_WHAT IS BEING ASKED_
Your answer must be the line holding "(3) Main findings" followed by every later line through the end of the entries, exactly as written.

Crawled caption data
* * * *
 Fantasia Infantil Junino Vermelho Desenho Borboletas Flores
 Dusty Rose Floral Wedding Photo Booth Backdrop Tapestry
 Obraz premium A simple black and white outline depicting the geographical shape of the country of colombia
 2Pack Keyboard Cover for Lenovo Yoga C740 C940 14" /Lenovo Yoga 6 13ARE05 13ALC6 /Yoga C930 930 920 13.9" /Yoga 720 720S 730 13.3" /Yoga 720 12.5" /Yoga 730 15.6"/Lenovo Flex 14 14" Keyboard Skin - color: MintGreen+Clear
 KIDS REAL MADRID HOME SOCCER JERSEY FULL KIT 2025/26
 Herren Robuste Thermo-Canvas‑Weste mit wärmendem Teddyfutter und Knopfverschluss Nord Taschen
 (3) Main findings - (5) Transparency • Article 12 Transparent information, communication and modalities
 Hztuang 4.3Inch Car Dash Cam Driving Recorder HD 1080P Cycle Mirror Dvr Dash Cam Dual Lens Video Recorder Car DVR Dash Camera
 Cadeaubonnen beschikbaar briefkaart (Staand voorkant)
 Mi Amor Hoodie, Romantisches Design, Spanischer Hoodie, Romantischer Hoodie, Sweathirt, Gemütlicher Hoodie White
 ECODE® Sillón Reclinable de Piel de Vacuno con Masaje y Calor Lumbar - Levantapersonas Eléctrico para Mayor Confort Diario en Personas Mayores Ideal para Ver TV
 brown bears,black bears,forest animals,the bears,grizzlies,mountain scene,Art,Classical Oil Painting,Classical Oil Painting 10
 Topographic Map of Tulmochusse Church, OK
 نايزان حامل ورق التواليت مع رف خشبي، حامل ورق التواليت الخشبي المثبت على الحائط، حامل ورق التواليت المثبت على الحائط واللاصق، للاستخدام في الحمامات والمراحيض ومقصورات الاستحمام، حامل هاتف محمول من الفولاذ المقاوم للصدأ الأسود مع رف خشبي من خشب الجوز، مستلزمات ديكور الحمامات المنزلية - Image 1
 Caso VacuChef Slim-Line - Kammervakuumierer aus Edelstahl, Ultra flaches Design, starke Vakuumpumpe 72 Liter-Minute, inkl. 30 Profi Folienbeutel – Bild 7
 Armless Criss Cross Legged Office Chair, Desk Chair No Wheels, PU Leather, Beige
* * * *
_EXERCISE RESULT_
 (3) Main findings - (5) Transparency • Article 12 Transparent information, communication and modalities
 Hztuang 4.3Inch Car Dash Cam Driving Recorder HD 1080P Cycle Mirror Dvr Dash Cam Dual Lens Video Recorder Car DVR Dash Camera
 Cadeaubonnen beschikbaar briefkaart (Staand voorkant)
 Mi Amor Hoodie, Romantisches Design, Spanischer Hoodie, Romantischer Hoodie, Sweathirt, Gemütlicher Hoodie White
 ECODE® Sillón Reclinable de Piel de Vacuno con Masaje y Calor Lumbar - Levantapersonas Eléctrico para Mayor Confort Diario en Personas Mayores Ideal para Ver TV
 brown bears,black bears,forest animals,the bears,grizzlies,mountain scene,Art,Classical Oil Painting,Classical Oil Painting 10
 Topographic Map of Tulmochusse Church, OK
 نايزان حامل ورق التواليت مع رف خشبي، حامل ورق التواليت الخشبي المثبت على الحائط، حامل ورق التواليت المثبت على الحائط واللاصق، للاستخدام في الحمامات والمراحيض ومقصورات الاستحمام، حامل هاتف محمول من الفولاذ المقاوم للصدأ الأسود مع رف خشبي من خشب الجوز، مستلزمات ديكور الحمامات المنزلية - Image 1
 Caso VacuChef Slim-Line - Kammervakuumierer aus Edelstahl, Ultra flaches Design, starke Vakuumpumpe 72 Liter-Minute, inkl. 30 Profi Folienbeutel – Bild 7
 Armless Criss Cross Legged Office Chair, Desk Chair No Wheels, PU Leather, Beige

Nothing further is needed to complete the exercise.